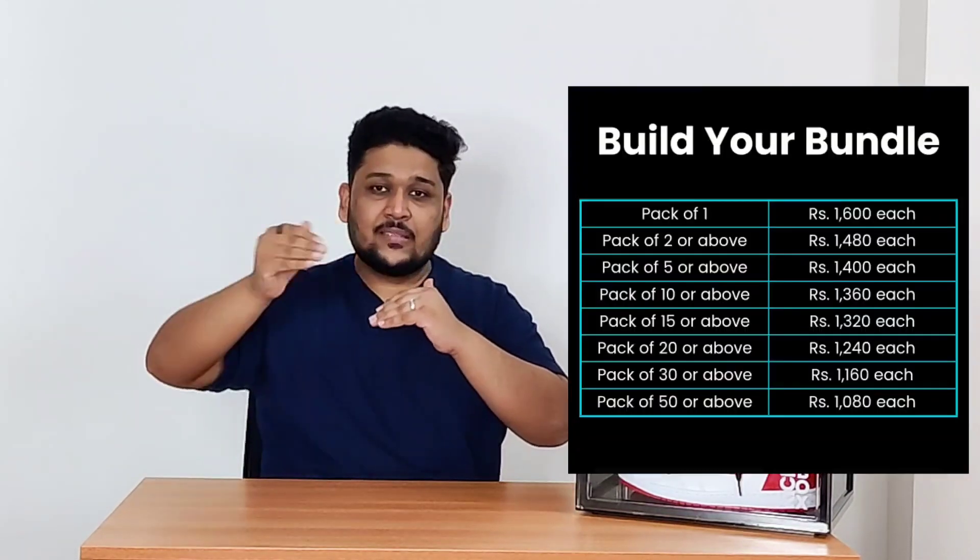Talking about the price — one crate costs around 1,600 rupees. On their website it shows 2,000 rupees but it's currently on sale at 1,600 rupees. The best thing is they have a bundle option where you can mix colors — for example, 2 smoke, 2 icy, 2 all-black, 2 all-white — and the price per crate comes down when you buy more.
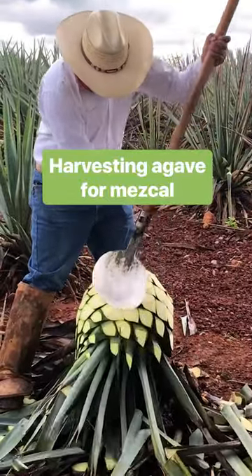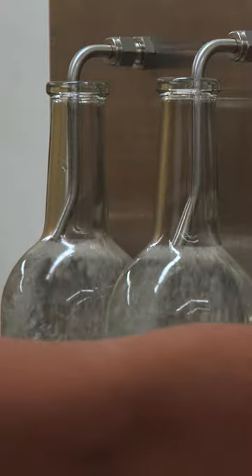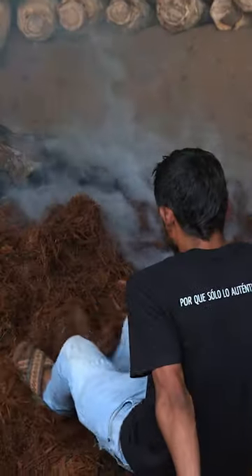The inner core of an agave plant, also called a piña, is what makes mezcal. It's a liquor like tequila, but distillers cook the piñas for five days underground in handcrafted ovens like this one.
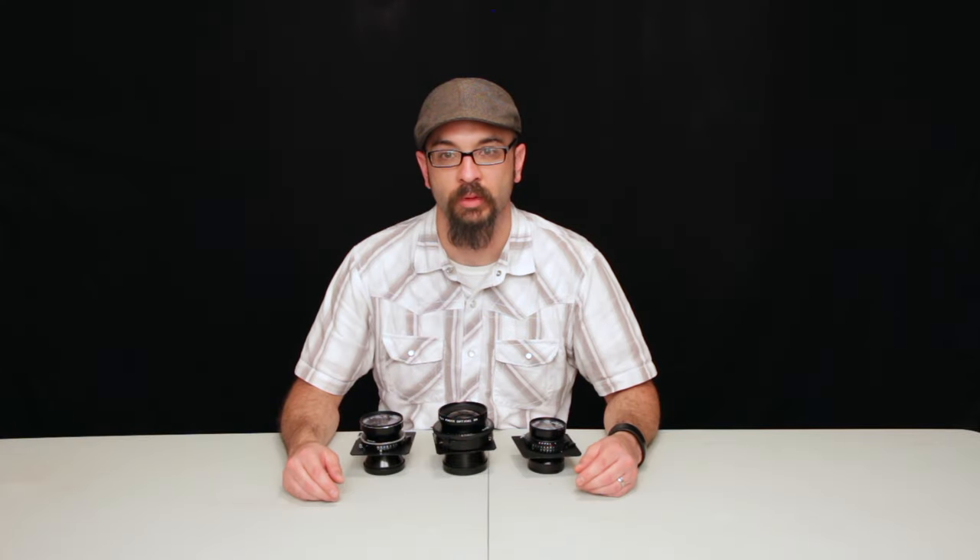I'm going to talk about the lenses that I use on my 8 by 10 camera. I have three different lenses and they're all Fujinon W lenses.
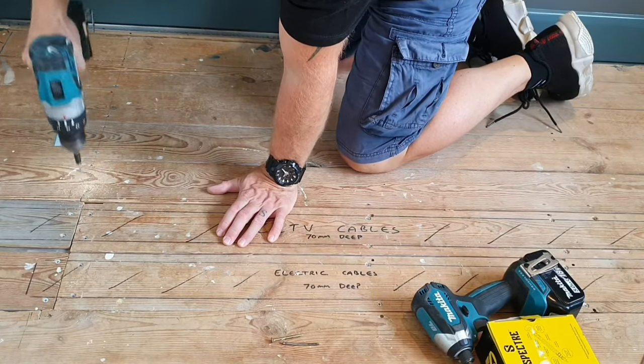Just before I screw these in — these screws are quite special. They're double countersunk and threaded, but more importantly the end of them is serrated, which allows a quick start and allows it to pre-drill the wood without it splitting. Really good screws — I'll put a link to these in the comments so you can have a look for them.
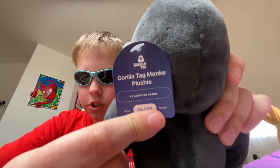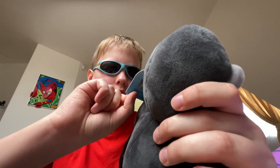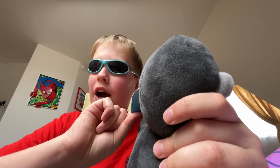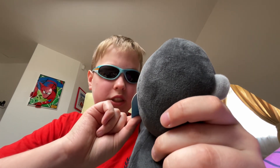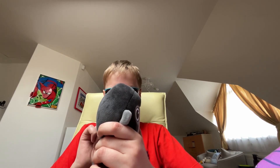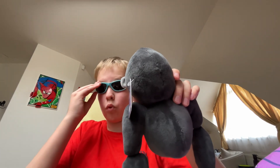Rotek monkey plushie. Only five hundred fifty-three thousand five hundred and seventy made — that's insane. Also, it's official makeshift products since February 2024.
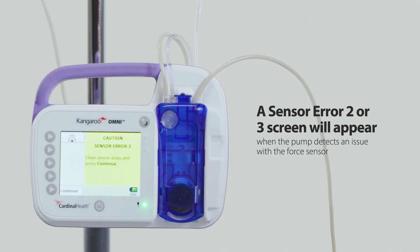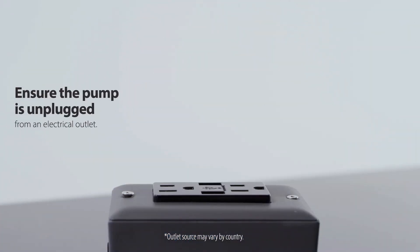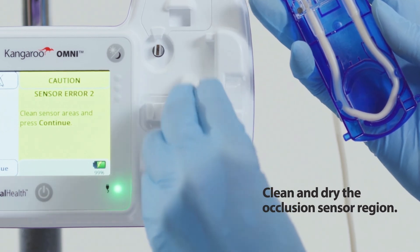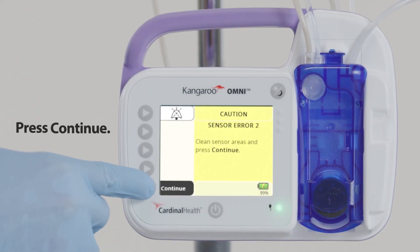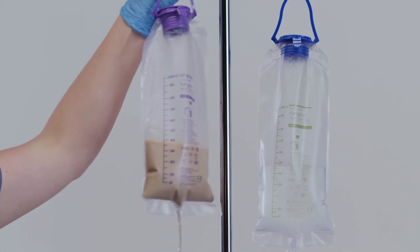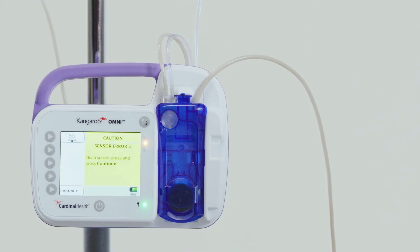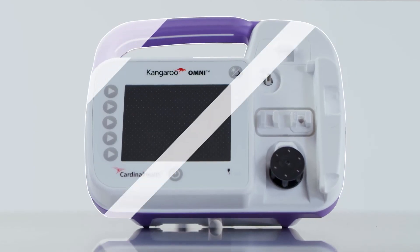Sensor error two or three alarm: a sensor error two or three screen will appear when the Kangaroo Omni enteral feeding pump detects an issue with the force sensor. To resolve the alarm: first, unplug the pump from the electrical outlet. Second, remove the cassette. Third, clean and dry the occlusion sensor region. Fourth, reload the cassette. Fifth, press continue. Sixth, restart feeding. If the alarm continues, replace the feeding set. If it still continues after replacing the feeding set, press power off and use a different Kangaroo Omni enteral feeding pump.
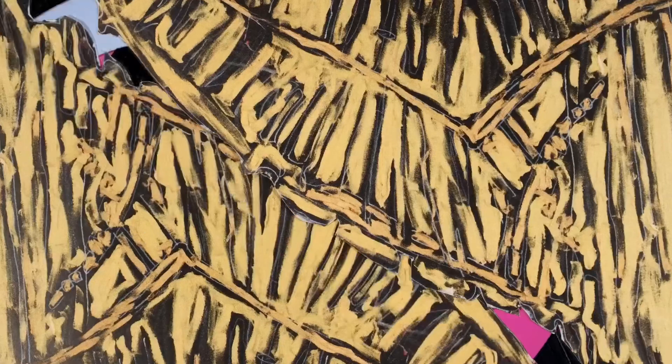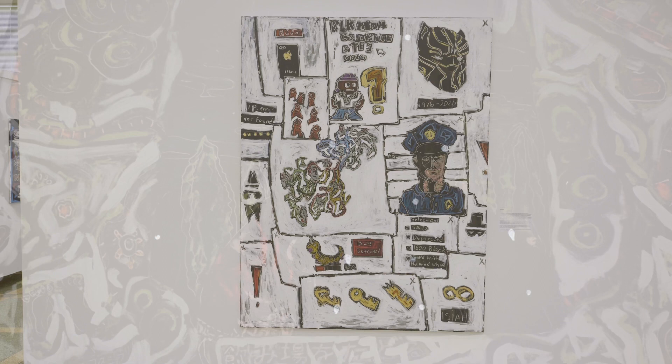We took that footage of the band members and used an animation technique called rotoscoping, which means you take the animation frame by frame and paint over each individual image to create an animated effect. We were pairing this very crude technical style with a sophisticated style, and in the rotoscoping we tried to emulate the loose brushstrokes that John Isaiah Walton uses in his paintings to tie it all together.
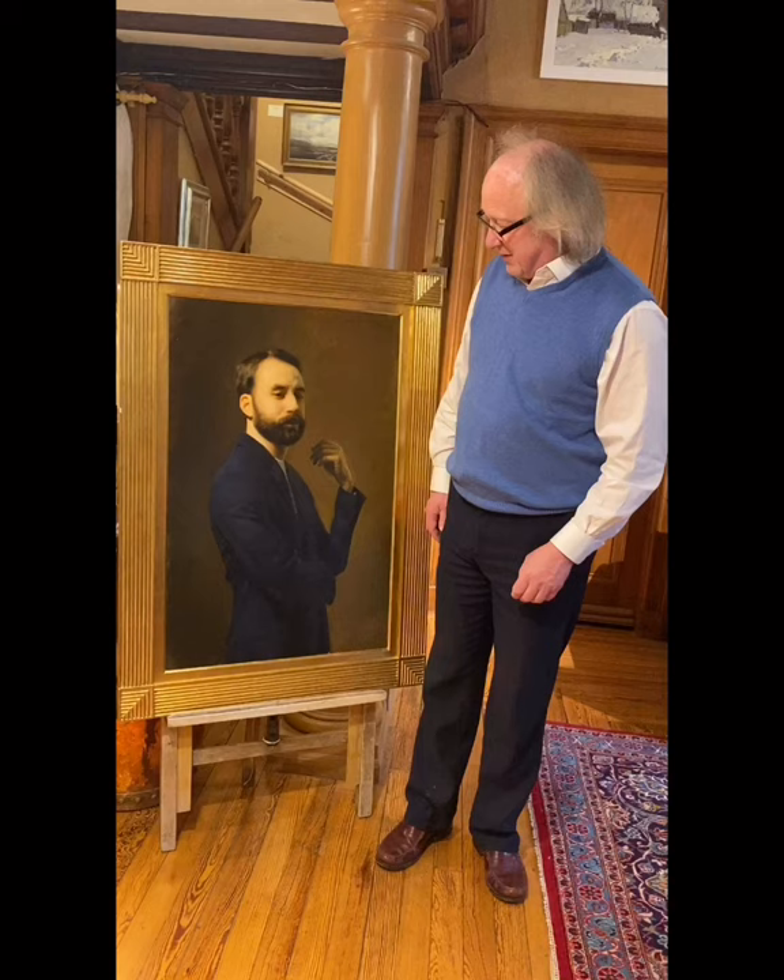Thank you for watching. I hope you've enjoyed looking at Juan's paintings and we'll catch you next time. Bye-bye.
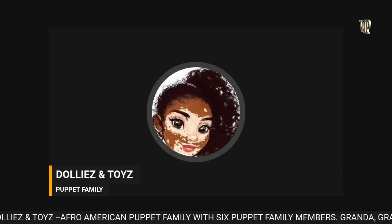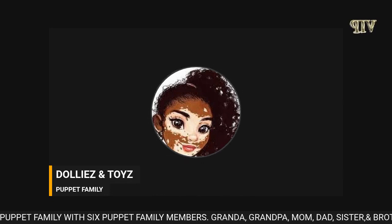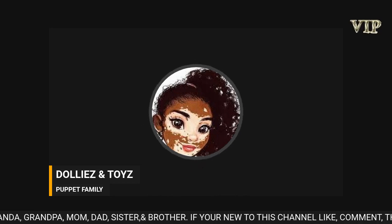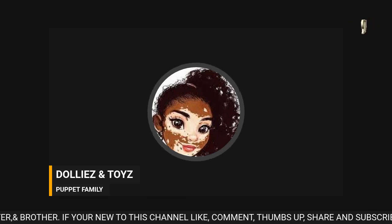Hey you guys, welcome back to my channel, this is Dollies and Toys. Today we have the Afro-American puppet family. Let me tell you more about these puppets.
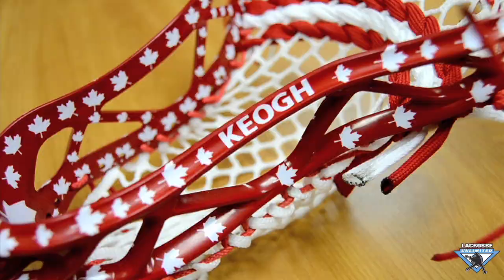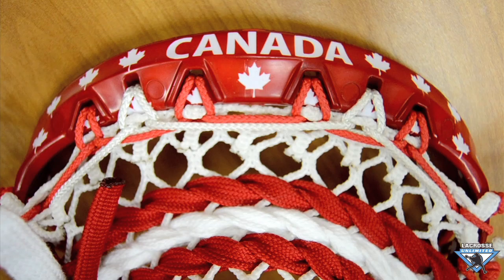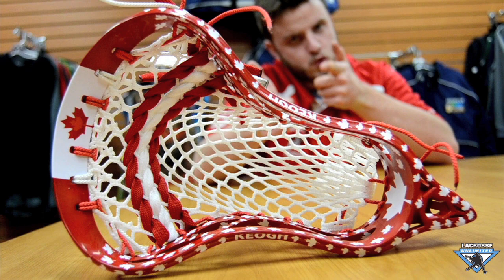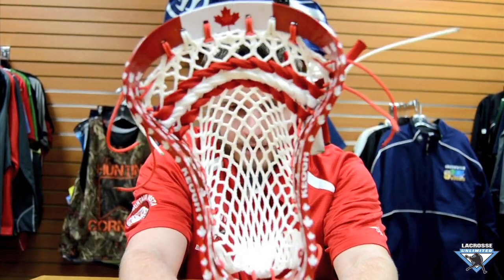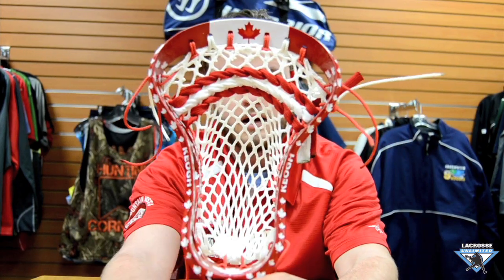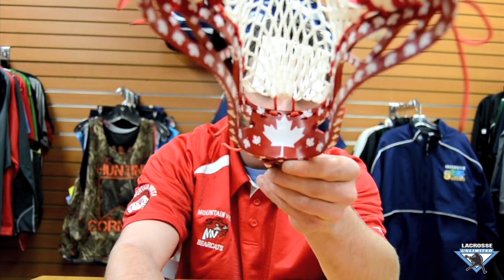Hey guys, today I have another LU exclusive die coming out of the Die Lab. This is an ultra Canadian head — we have the Canadian leaves going throughout the whole entire head, with a nice big one here on the ball stop, strung up with a piece of East Coast mesh. This one's going to Stephen Keough.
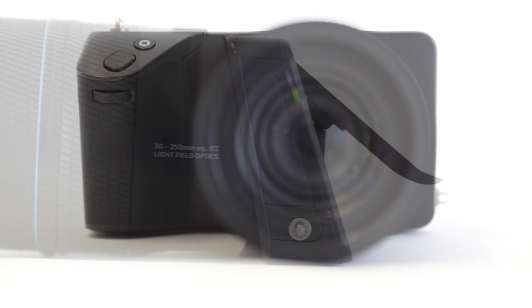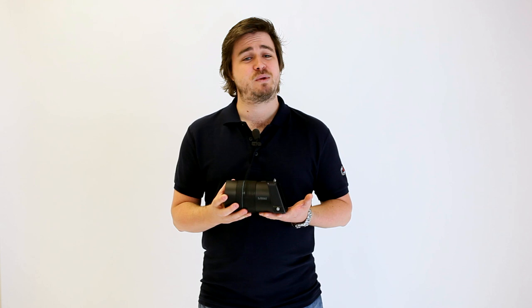But we'll start with the basics. The Ilum features an extremely usable focal length of 30 to 250 millimetres and this lens benefits from a constant fixed f2 aperture throughout the entire range, so it performs very well in low light. The body is constructed from magnesium and aluminium, meaning that not only is the Ilum light but will easily withstand daily use.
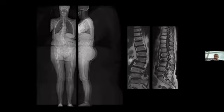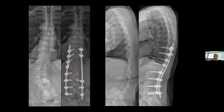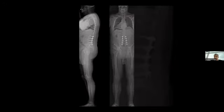Deformity correction with minimally invasive surgery is also an option. Here is a case where anterior realignment was done first and posterior fixation second, realigning the patient with a combined approach. This is another example where I performed one-stage anterior cages and posterior percutaneous fixation — a typical minimally invasive long-segment fusion.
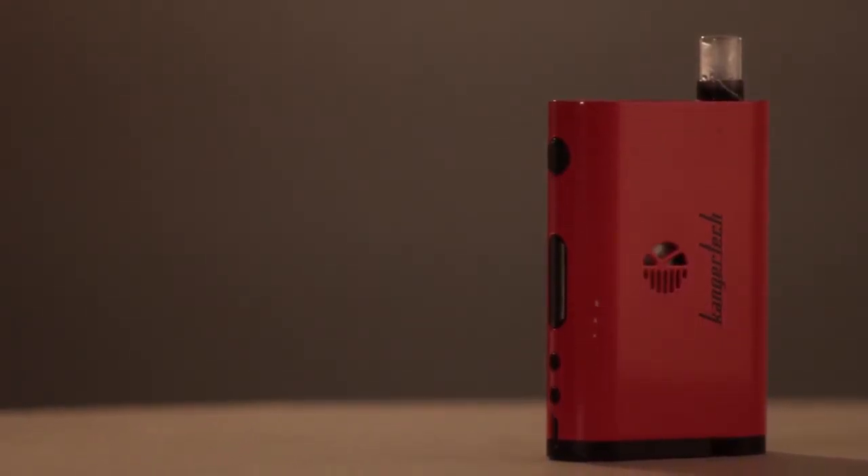It has a single 18650 battery, as you probably already know. You can actually charge it directly from the device, which is nice. Most of the time you have to pull out an external battery and put it in a charging bay to charge it, so that's something useful to throw your direction.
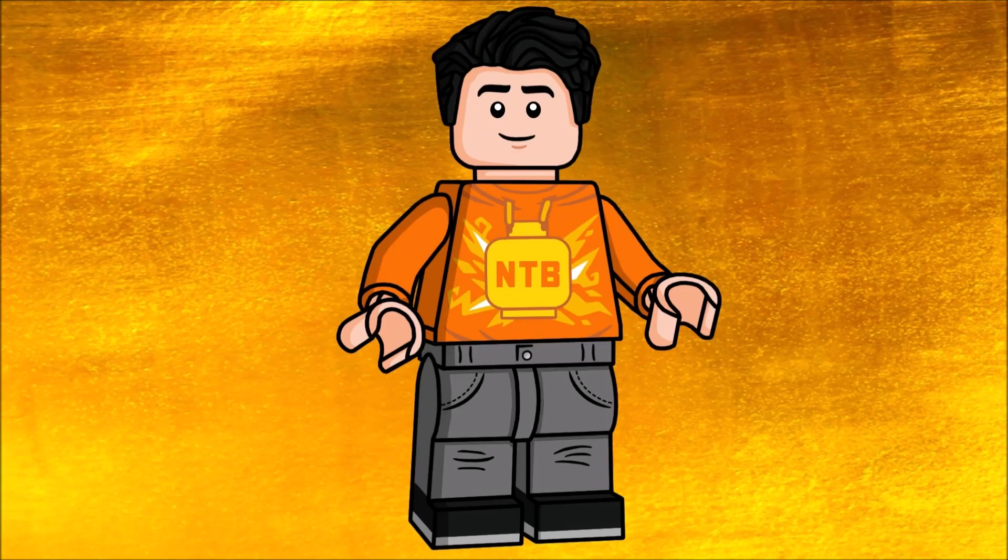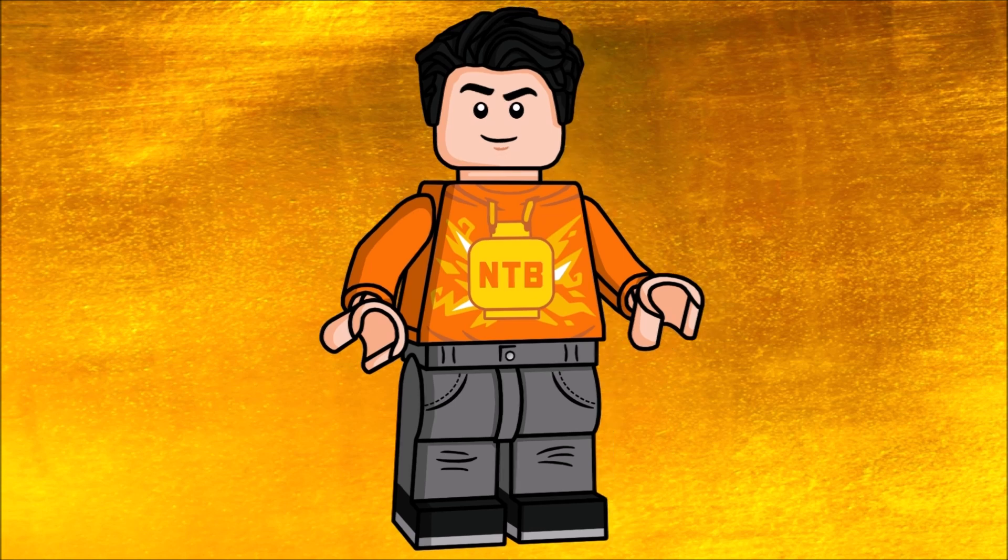Hey, hello everybody, it's me Nick the Brick, and today I'm back with another video. I have something very interesting to share: I've actually started learning how to digitally draw minifigures. Digitally drawn minifigures have definitely been a pretty popular thing in the LEGO community over the last few years, so I decided I might actually try to do some figures as well.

- [What to do]
Would it be possible to give the material above again exactly, with the pictures left out?

- [Solution for this exercise]
Talking about the price — one crate costs around 1,600 rupees. On their website it shows 2,000 rupees but it's currently on sale at 1,600 rupees. The best thing is they have a bundle option where you can mix colors — for example, 2 smoke, 2 icy, 2 all-black, 2 all-white — and the price per crate comes down when you buy more.
The inner core of an agave plant, also called a piña, is what makes mezcal. It's a liquor like tequila, but distillers cook the piñas for five days underground in handcrafted ovens like this one.
I'm going to talk about the lenses that I use on my 8 by 10 camera. I have three different lenses and they're all Fujinon W lenses.
Just before I screw these in — these screws are quite special. They're double countersunk and threaded, but more importantly the end of them is serrated, which allows a quick start and allows it to pre-drill the wood without it splitting. Really good screws — I'll put a link to these in the comments so you can have a look for them.
Rotek monkey plushie. Only five hundred fifty-three thousand five hundred and seventy made — that's insane. Also, it's official makeshift products since February 2024.
Sensor error two or three alarm: a sensor error two or three screen will appear when the Kangaroo Omni enteral feeding pump detects an issue with the force sensor. To resolve the alarm: first, unplug the pump from the electrical outlet. Second, remove the cassette. Third, clean and dry the occlusion sensor region. Fourth, reload the cassette. Fifth, press continue. Sixth, restart feeding. If the alarm continues, replace the feeding set. If it still continues after replacing the feeding set, press power off and use a different Kangaroo Omni enteral feeding pump.
We took that footage of the band members and used an animation technique called rotoscoping, which means you take the animation frame by frame and paint over each individual image to create an animated effect. We were pairing this very crude technical style with a sophisticated style, and in the rotoscoping we tried to emulate the loose brushstrokes that John Isaiah Walton uses in his paintings to tie it all together.
Thank you for watching. I hope you've enjoyed looking at Juan's paintings and we'll catch you next time. Bye-bye.
Hey you guys, welcome back to my channel, this is Dollies and Toys. Today we have the Afro-American puppet family. Let me tell you more about these puppets.
Hey guys, today I have another LU exclusive die coming out of the Die Lab. This is an ultra Canadian head — we have the Canadian leaves going throughout the whole entire head, with a nice big one here on the ball stop, strung up with a piece of East Coast mesh. This one's going to Stephen Keough.
But we'll start with the basics. The Ilum features an extremely usable focal length of 30 to 250 millimetres and this lens benefits from a constant fixed f2 aperture throughout the entire range, so it performs very well in low light. The body is constructed from magnesium and aluminium, meaning that not only is the Ilum light but will easily withstand daily use.
Deformity correction with minimally invasive surgery is also an option. Here is a case where anterior realignment was done first and posterior fixation second, realigning the patient with a combined approach. This is another example where I performed one-stage anterior cages and posterior percutaneous fixation — a typical minimally invasive long-segment fusion.
It has a single 18650 battery, as you probably already know. You can actually charge it directly from the device, which is nice. Most of the time you have to pull out an external battery and put it in a charging bay to charge it, so that's something useful to throw your direction.
Hey, hello everybody, it's me Nick the Brick, and today I'm back with another video. I have something very interesting to share: I've actually started learning how to digitally draw minifigures. Digitally drawn minifigures have definitely been a pretty popular thing in the LEGO community over the last few years, so I decided I might actually try to do some figures as well.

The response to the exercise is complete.